De qualquer forma, estamos muito longe do desaparecimento da classe que mais tarde seria anunciado pelos ideólogos neoliberais. Os acordos aos quais o trabalho e o capital chegaram em sociedades como os EUA e o Reino Unido aceitaram que a classe era uma característica permanente da organização social. Eles assumiram que havia interesses de classe diferentes que precisavam ser reconciliados e que qualquer governo eficaz, para não mencionar apenas a sociedade, teria que envolver a classe trabalhadora organizada. Os sindicatos eram fortes, encorajados pelo baixo desemprego a ter demandas ousadas. As expectativas da classe trabalhadora eram altas – ganhos haviam ocorrido, mas certamente havia mais a caminho. Era fácil imaginar que as tréguas incômodas entre capital e trabalho terminariam, não com um ressurgimento da direita, mas com um abraço a políticas mais socialistas, se não com o “comunismo pleno” que Nikita Krushchev pensava que estaria em vigor nos anos 1980. Afinal – ou ao que parecia – a direita estava na defensiva, desacreditada e talvez fatalmente maculada nos EUA por causa do prolongado e horrível fracasso da Guerra do Vietnã. O “establishment” não mais inferia deferência automática; em vez disso, parecia exausto, fora de contato, obsoleto, aguardando ser carregado pela enxurrada de qualquer uma ou todas as novas ondas culturais e políticas que estavam corroendo todas as certezas antigas.

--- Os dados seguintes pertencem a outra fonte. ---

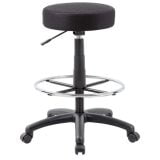 Boss Office Products DOT Drafting Stool i Review
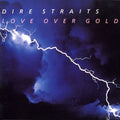 Dire Straits - Love Over Gold (I) (CD)
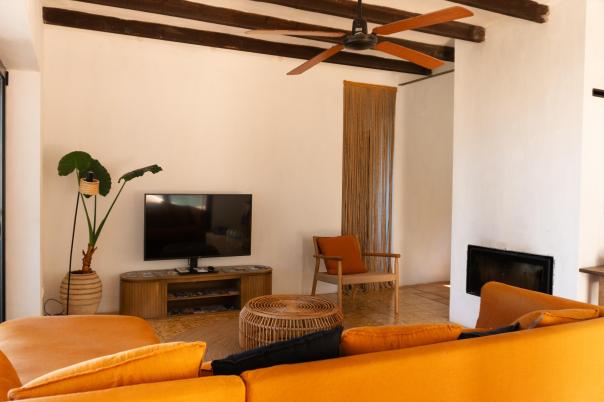 3 bed villas in Denia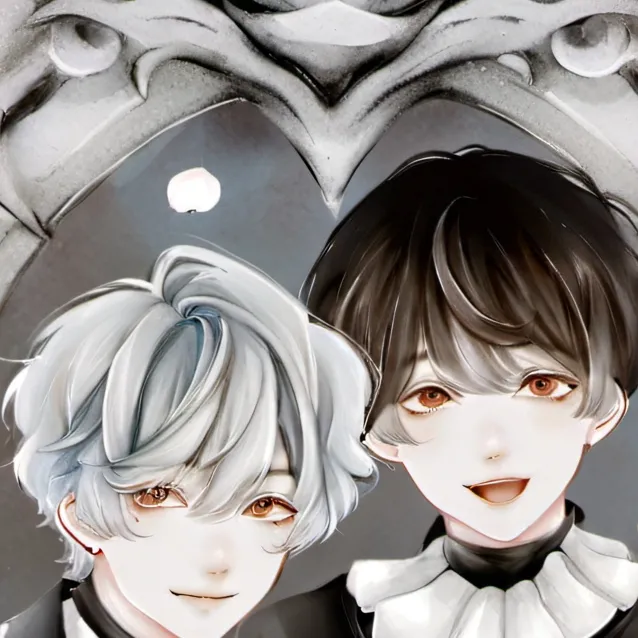 chat with ai character: Dsmp boys 
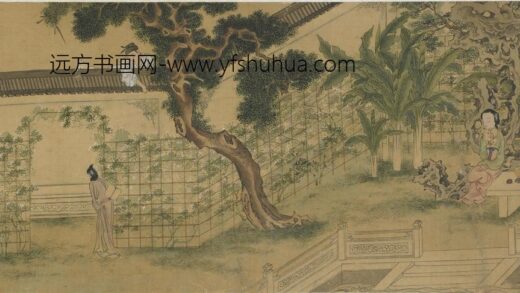 仇英 西厢记图册 1.jpg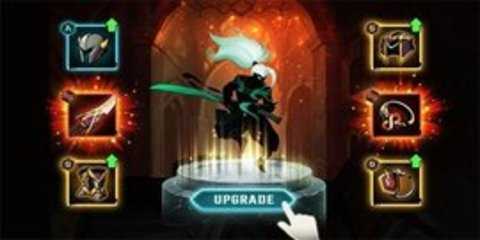 影子传说 v1.0.55 安卓版 1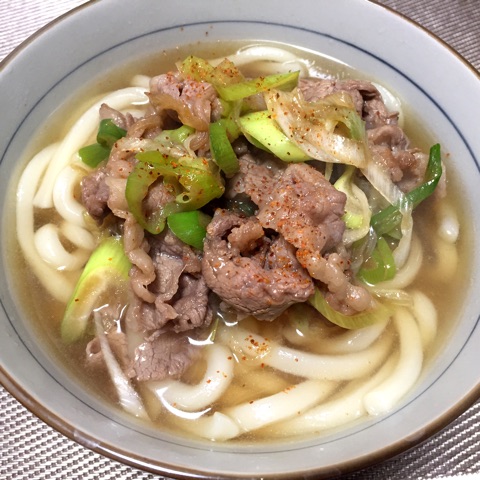 口コミ：おうちで本格だし！こんかつまる（Ｒ）うどんつゆパックの画像（5枚目）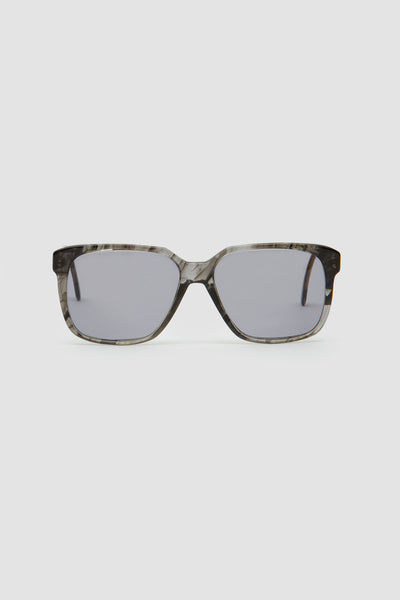 1980´s Aprilia Sunglasses Grey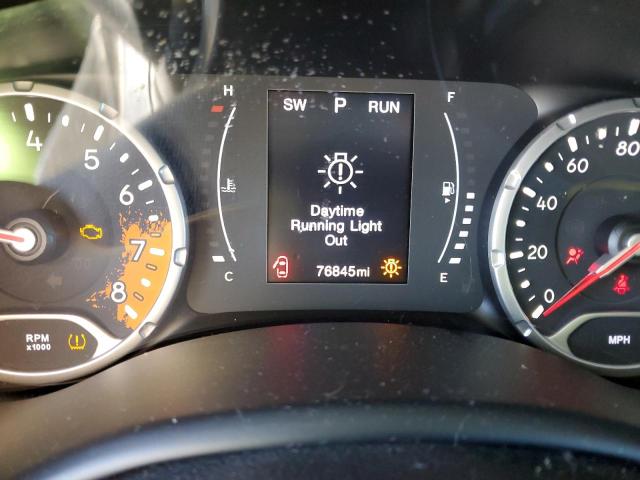 ZACCJBAB9JPH34718 Jeep Renegade Sport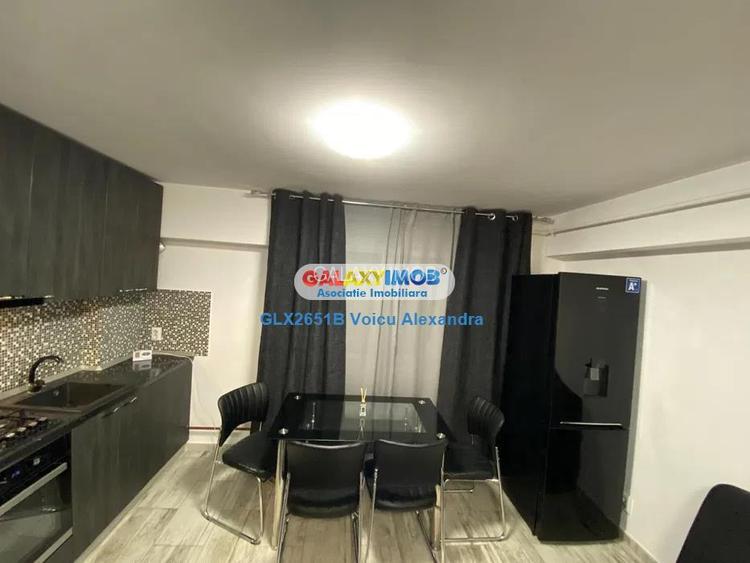 Apartament Tip Studio Berceni - Aparatorii Patriei - 5 Min Metrou - 3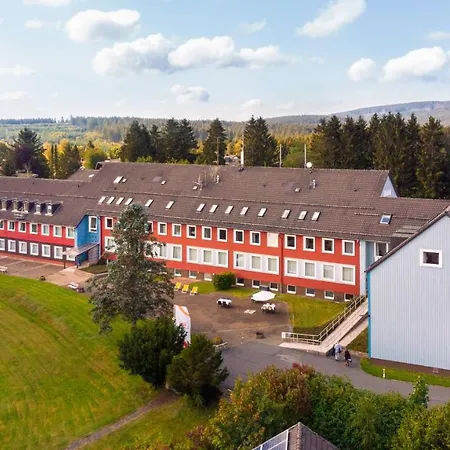 Bsw Brockenblick Apartamento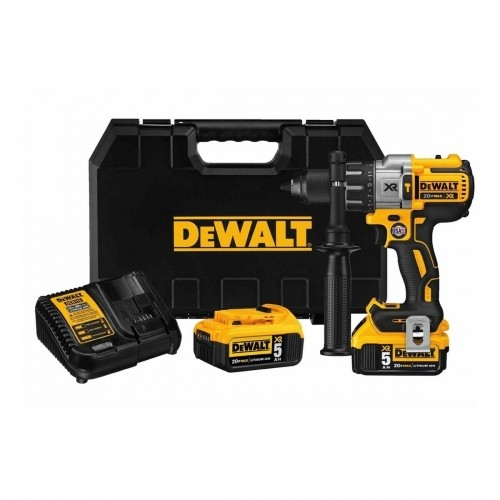 Skrūvgriezis Dewalt DCD996P2 90 W image 2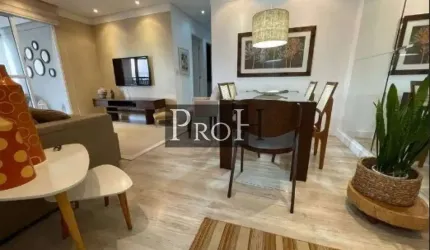 Apartamento Santa Paula São Caetano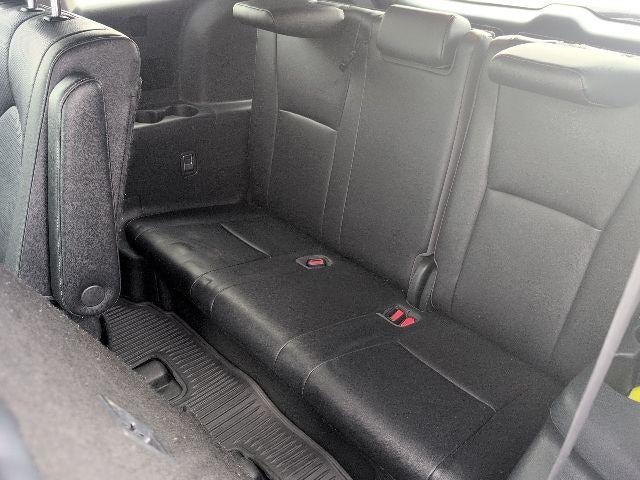 2020 Toyota Highlander Hybrid Limited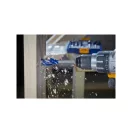 IRWIN Flachholzbohrerset 6-teilig Blue Groove 6x (16-32 mm)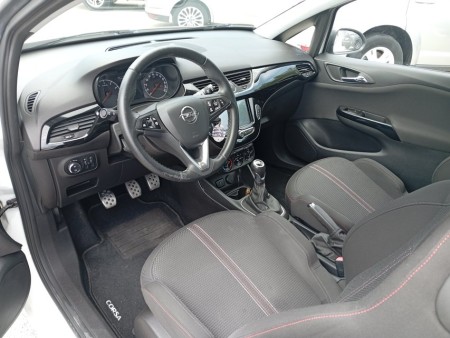 Opel Corsa Coupé 1.4 90CV GPL Tech Innovation 2018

Onde a nova cultura não estava sendo dirigida por pessoas da classe trabalhadora, parecia que estava sendo liderada por renegados de classe como o Pink Floyd, jovens de famílias burguesas que haviam rejeitado seus próprios destinos de classe e identificado caminhos para baixo ou para fora desse construto. Eles queriam fazer qualquer coisa, exceto entrar para o mundo dos negócios e dos bancos: campos cuja subsequente libidinização teria confundido as mentes expandidas dos anos sessenta. A aspiração da classe trabalhadora não equivalia à mobilidade de classe, onde a recompensa duvidosa era a aceitação gradual e relutante pelos “superiores”. Em vez disso, a nova boemia parecia apontar para a eliminação da burguesia e de seus valores. De fato, a convicção de que isso era iminente era uma das poucas áreas de sobreposição entre a contracultura e a esquerda revolucionária tradicional, que parecia em muitos outros aspectos estar em desacordo. Ellen Willis certamente sentiu que as formas dominantes da política de esquerda eram incompatíveis com os desejos e ambições desencadeados e traduzidos pela música. Enquanto a música que ela ouvia falava de liberdade, o socialismo parecia tratar a respeito de centralização e controle estatal. A política da contracultura pode ter se oposto ao capitalismo, pensava Willis, mas isso não implicava uma rejeição direta de tudo o que era produzido pelo campo capitalista. Sua “polêmica contra as correntes noções esquerdistas sobre capitalismo avançado” rejeitava, na melhor das hipóteses, apenas parcialmente as ideias “de que a economia de consumo nos torna escravos das mercadorias, de que a função da mídia de massa é manipular nossas fantasias, para que equiparemos realização pessoal à compra de mercadorias do sistema” (13). A cultura de massa – e a cultura da música em particular – era um terreno de luta e não um domínio do capital. A relação entre formas estéticas e política era instável e incipiente – as formas estéticas não apenas “expressavam” alguma realidade capitalista já existente, elas antecipavam e produziam novas possibilidades. A comodificação não era o ponto em que essa tensão seria sempre e inevitavelmente resolvida em favor do capital; em vez disso, as próprias mercadorias poderiam ser os meios pelos quais as correntes rebeldes poderiam se propagar:
os meios de comunicação de massa ajudaram a espalhar a rebelião, e o sistema comercializou produtos que a encorajavam, pela simples razão de que havia dinheiro a ser ganho com os rebeldes que também eram consumidores. Em certo nível, a revolta dos anos sessenta ilustrou de maneira impressionante a observação de Lenin de que o capitalista vai vender a corda com a qual será enforcado. (14)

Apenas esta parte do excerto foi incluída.